So I've started to collect images like this for a putative "Jingletown Wildlife" series, not entirely facetiously frankly, after all my years here, it's not hard to anthropomorphise (animise?) the trucks, machinery, and containers, etc., when there are more of them by far on the streets than people or pets. I'm not sure where the effort will take me (it'll probably turn out to be too twee for my own tastes), but there's no shortage of suitable images out there. We shall see
.
(Note: this shot was done hand-held in rapidly fading light; I'm sort of amazed it turned out at all, let alone as sharp as it did (it prints well up to A2). Yes, there's a lot of chromatic aberration and fringing going on in the highlights, but that's a small price to pay for being able to get any shot at all).
Farringdon Castle

(London, 1985. Image copyright Hamish Reid).
A long time ago when I lived in London I used to occasionally take the Metropolitan or Circle lines from Farringdon station near where I worked in Smithfield. This was the mid-1980s, and even then there were still a few bombed-out or broken buildings from World War II propped up or slowly keeling over here and there in the City and inner boroughs (in this case, Islington, but only just). The station itself was (and still is) a nice old well-preserved building, busy and workaday in that reassuring and well-architected early twentieth-century London Underground way; but right next door (to the left as you entered the station) was a classic old bomb-damaged warehouse right on Farringdon Road itself.
It looked pretty much exactly like this: broken bricks, broken beams, missing walls, arches, trees, pigeons, rats
and every time I saw it it reminded me strongly of an old castle somewhere in that imaginary British hinterland I never really visited when I lived in London, but that I'd explored a lot (and even inhabited) as a kid. I made a few half-hearted attempts to photograph it from Farringdon Road itself, but it never worked until I just stepped up one day and took it from this angle, just to the left of the station entrance. It's a shot I had to wait until the weekend to do, as it's a busy place during normal business hours, and there used to be a bunch of street stalls selling books and other stuff right where I had to stand to get this view. I got a couple of shots (with my old Pentax 35mm camera) and over the next few weeks managed to print it up.
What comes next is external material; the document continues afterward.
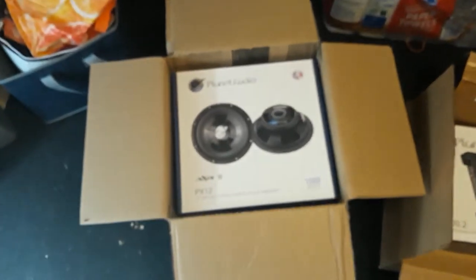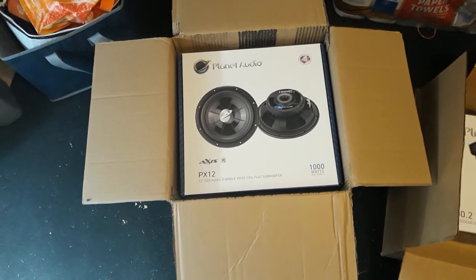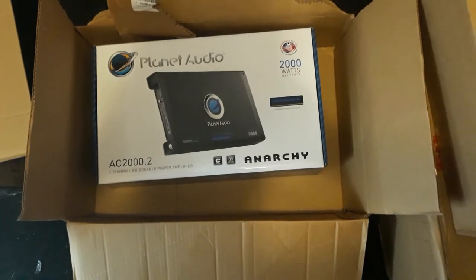I just have them sitting in the shipping box — I haven't pulled them all out yet. But here are the 12s right here. Like I said, these are the Planet Audio PX12 12-inch 1000-watt subs. They're the shallow mount — they go into a standard cab box that goes under the back seat of a standard cab truck. And over here is the Planet Audio Anarchy 2000-watt two-channel amp.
I wasn't very pleased with the results it needed extensive dodging and burning in the darkroom, and at the time I just didn't have the resources to do that consistently. Still, I liked the image itself, and kept a test print up on my wall in Muswell Hill and later in Bounds Green.
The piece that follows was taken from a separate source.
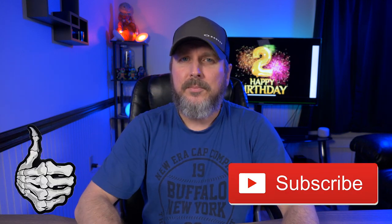If you guys did enjoy this video, please give me that thumbs up, please subscribe, and go!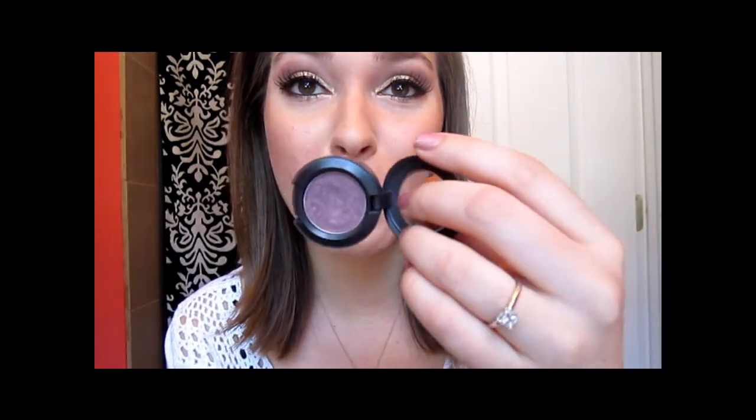Hi everybody, today I am going to do for you another makeup tutorial and it's this kind of gold and plum look that I have on my eyes right now. I really like the way this came out, the way these colors kind of work together, and I was inspired by my MAC eyeshadow in Trax, which I actually realized I hadn't used in a while and I wanted to incorporate it into a look. It's just such a pretty color.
A few years later, living in California, I printed the image up again, and this time I had the time and space to get it right in the darkroom (I was never much of a fan of the darkroom, and don't miss it at all, an admission that will probably surprise a few people out there). After a few hit-and-miss versions, I got a set that looked just gorgeous on Ilford fibre-based black-and-white paper, and I matted and framed a few of the prints. I took one into work with me and hung it on my office wall, and apart from my looking at it every few days, I basically forgot about it again. One day a colleague wandered in and noticed the print; after spending some time looking at it, he asked what it was, and without really thinking, I said "Farringdon Castle".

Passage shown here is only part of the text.